--- Work required ---
Beginning with the opening line, restate the following material exactly, up through the line that contains "4 In 1 Car Shape Chocolate With Biscuit".

--- Data shown ---
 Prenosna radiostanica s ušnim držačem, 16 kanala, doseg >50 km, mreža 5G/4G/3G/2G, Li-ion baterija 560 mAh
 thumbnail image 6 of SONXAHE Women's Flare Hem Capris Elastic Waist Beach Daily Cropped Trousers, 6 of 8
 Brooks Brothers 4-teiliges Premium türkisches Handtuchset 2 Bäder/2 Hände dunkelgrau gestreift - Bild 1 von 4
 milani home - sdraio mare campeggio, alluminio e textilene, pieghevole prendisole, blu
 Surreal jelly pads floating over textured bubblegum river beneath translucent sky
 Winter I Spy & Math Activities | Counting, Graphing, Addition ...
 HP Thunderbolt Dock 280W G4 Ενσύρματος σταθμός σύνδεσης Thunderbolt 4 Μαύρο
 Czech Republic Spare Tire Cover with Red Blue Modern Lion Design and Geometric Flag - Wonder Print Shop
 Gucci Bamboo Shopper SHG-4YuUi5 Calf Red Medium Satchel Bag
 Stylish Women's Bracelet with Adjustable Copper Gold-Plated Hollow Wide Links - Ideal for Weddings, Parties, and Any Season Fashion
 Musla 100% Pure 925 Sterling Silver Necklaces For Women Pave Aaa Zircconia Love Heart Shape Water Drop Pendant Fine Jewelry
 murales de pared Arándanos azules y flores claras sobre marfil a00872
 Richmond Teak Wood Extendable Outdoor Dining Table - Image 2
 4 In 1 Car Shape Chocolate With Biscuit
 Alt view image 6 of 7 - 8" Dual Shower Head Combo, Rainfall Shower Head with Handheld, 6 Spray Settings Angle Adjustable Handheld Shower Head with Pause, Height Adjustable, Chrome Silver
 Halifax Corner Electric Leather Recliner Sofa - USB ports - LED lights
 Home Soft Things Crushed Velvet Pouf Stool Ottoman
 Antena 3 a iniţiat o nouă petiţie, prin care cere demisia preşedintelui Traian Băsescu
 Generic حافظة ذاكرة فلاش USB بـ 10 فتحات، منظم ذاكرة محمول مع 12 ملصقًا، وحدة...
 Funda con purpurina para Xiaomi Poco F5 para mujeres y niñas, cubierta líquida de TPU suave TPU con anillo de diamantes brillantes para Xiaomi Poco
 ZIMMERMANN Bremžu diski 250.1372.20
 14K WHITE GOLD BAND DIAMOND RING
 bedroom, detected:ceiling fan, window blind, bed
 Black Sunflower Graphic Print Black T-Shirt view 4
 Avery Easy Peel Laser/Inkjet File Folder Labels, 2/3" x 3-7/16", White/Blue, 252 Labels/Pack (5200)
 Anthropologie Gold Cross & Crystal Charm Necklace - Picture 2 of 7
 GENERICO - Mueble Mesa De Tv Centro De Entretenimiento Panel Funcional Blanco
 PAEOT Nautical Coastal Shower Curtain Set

--- Task solution ---
 Prenosna radiostanica s ušnim držačem, 16 kanala, doseg >50 km, mreža 5G/4G/3G/2G, Li-ion baterija 560 mAh
 thumbnail image 6 of SONXAHE Women's Flare Hem Capris Elastic Waist Beach Daily Cropped Trousers, 6 of 8
 Brooks Brothers 4-teiliges Premium türkisches Handtuchset 2 Bäder/2 Hände dunkelgrau gestreift - Bild 1 von 4
 milani home - sdraio mare campeggio, alluminio e textilene, pieghevole prendisole, blu
 Surreal jelly pads floating over textured bubblegum river beneath translucent sky
 Winter I Spy & Math Activities | Counting, Graphing, Addition ...
 HP Thunderbolt Dock 280W G4 Ενσύρματος σταθμός σύνδεσης Thunderbolt 4 Μαύρο
 Czech Republic Spare Tire Cover with Red Blue Modern Lion Design and Geometric Flag - Wonder Print Shop
 Gucci Bamboo Shopper SHG-4YuUi5 Calf Red Medium Satchel Bag
 Stylish Women's Bracelet with Adjustable Copper Gold-Plated Hollow Wide Links - Ideal for Weddings, Parties, and Any Season Fashion
 Musla 100% Pure 925 Sterling Silver Necklaces For Women Pave Aaa Zircconia Love Heart Shape Water Drop Pendant Fine Jewelry
 murales de pared Arándanos azules y flores claras sobre marfil a00872
 Richmond Teak Wood Extendable Outdoor Dining Table - Image 2
 4 In 1 Car Shape Chocolate With Biscuit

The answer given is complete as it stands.